Some further comments on this topic:-
You recall that in a separate thread, I recommended "Valve Mechanisms for High-Speed Engines", Philip H Smith, 1967, GT Foulis, (Not to be sold in the USA). I would strongly recommend it again, for ideas that may spark solutions.
For instance, it shows the pre-war MG engine with a vertical bevel driven OHC drive with the generator integral to the shaft, ie, the rotating armature acts as a high inertia damper in the drive. Staying with your gear drive, you will I am sure have looked for a half-engine-speed accessory with a high inertia or other opposite torque canceling signature, such as a hydraulic pump that you could drive from the cam gear. Even if there were such an accessory, I doubt that your engine would require it anyway!

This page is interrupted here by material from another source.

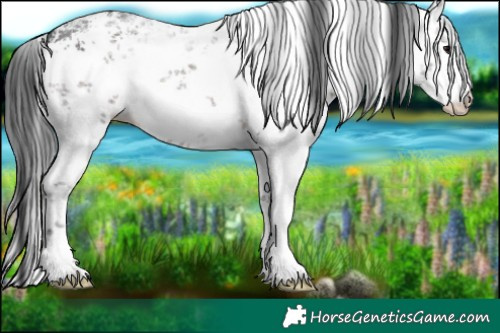 Horse Color:White Spotted Brown Sabino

Another possibility is to arrange your pumping cams to have relatively long top dwell, and then have the return flank coincide with the pumping flank of a different cylinder. That will help to cancel out some of the instantaneous drive torque spike.
Then again, it may be instructive to contemplate the reduction gear drive used on the Napier Sabre aero engine. The H24 cylinder engine (two flat 12's, one above the other) joined the two crankshafts to the propeller output gear through helical compound gears with a balancing feature which cancelled out the torsionals from the two cranks. I assume that in this case, the propeller and it's output gear had high inertia and thus was a nodal point in the middle. If you will be using the flywheel/clutch mass as your nodal inertia on the crankshaft, then an arrangement as wonderfully elegant as the Napier solution, will be difficult to arrange.